Repeat every record exactly, omitting the pictures.

-------- Extracted data

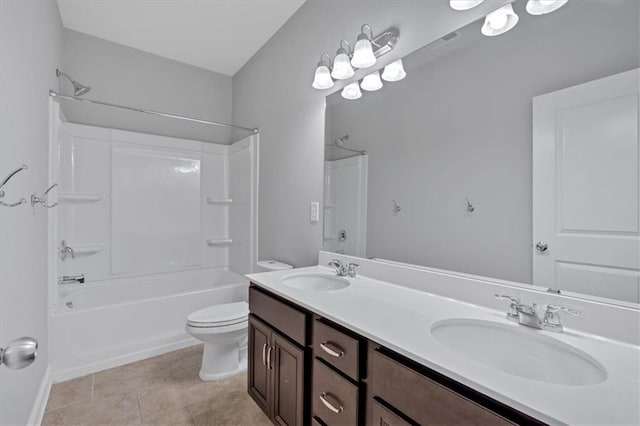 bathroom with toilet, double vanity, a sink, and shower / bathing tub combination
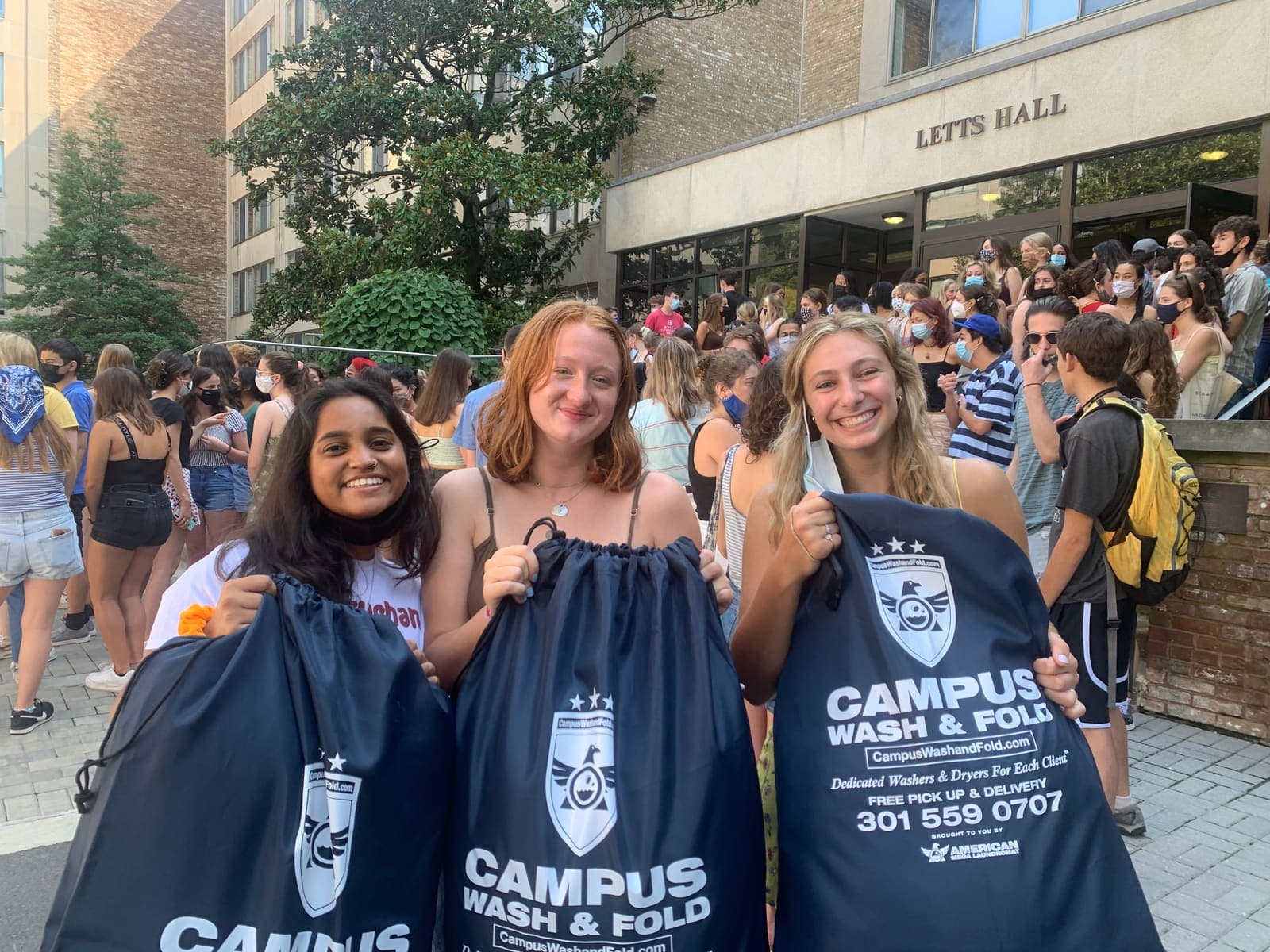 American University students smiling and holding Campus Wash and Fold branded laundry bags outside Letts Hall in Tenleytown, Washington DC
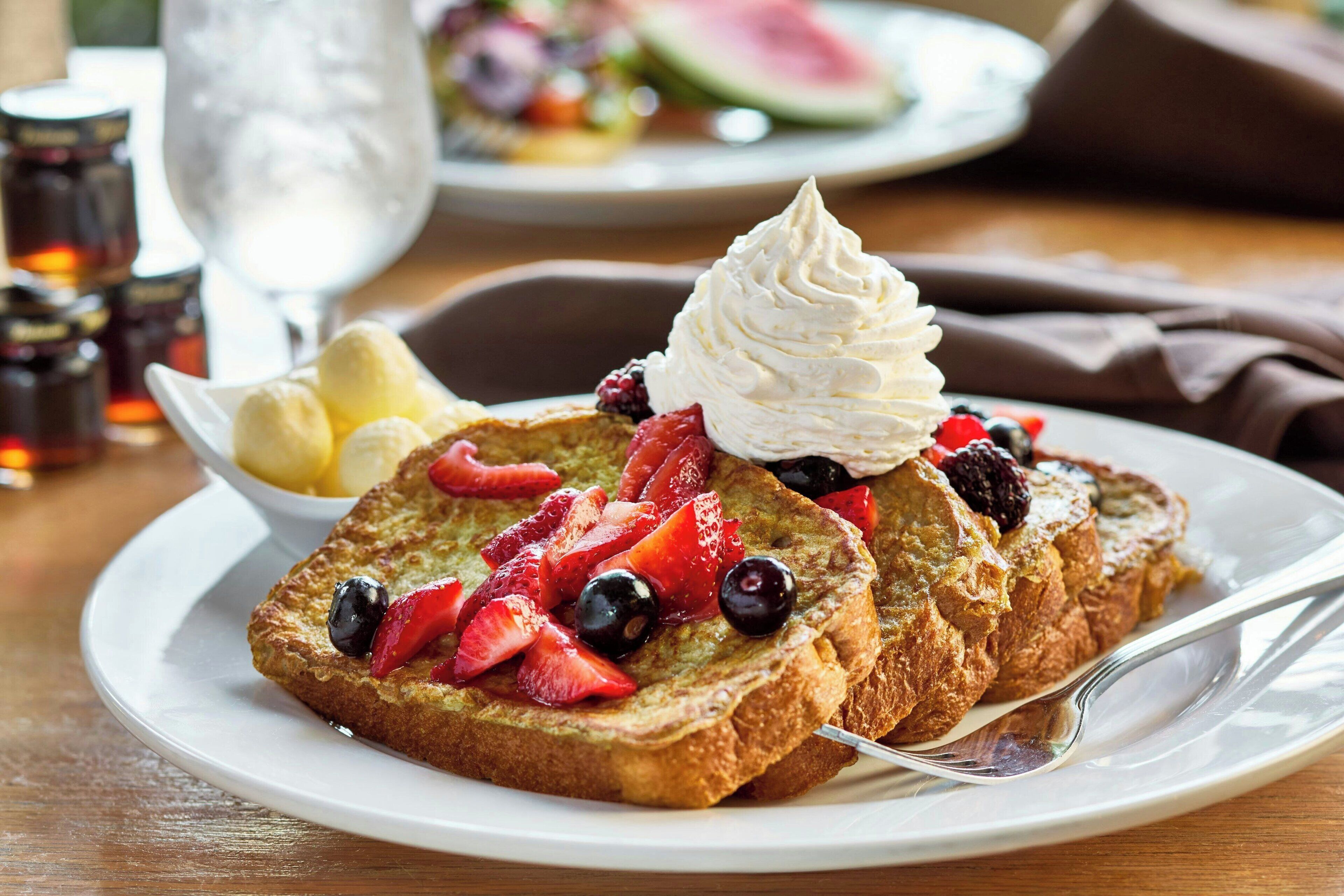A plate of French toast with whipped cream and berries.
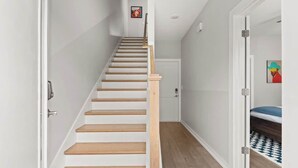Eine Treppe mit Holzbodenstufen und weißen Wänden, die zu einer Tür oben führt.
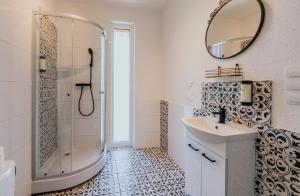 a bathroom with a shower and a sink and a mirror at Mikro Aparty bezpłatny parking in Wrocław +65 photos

----------------

Reply »
 bathroom with toilet, double vanity, a sink, and shower / bathing tub combination
 American University students smiling and holding Campus Wash and Fold branded laundry bags outside Letts Hall in Tenleytown, Washington DC
A plate of French toast with whipped cream and berries.
Eine Treppe mit Holzbodenstufen und weißen Wänden, die zu einer Tür oben führt.
 a bathroom with a shower and a sink and a mirror at Mikro Aparty bezpłatny parking in Wrocław +65 photos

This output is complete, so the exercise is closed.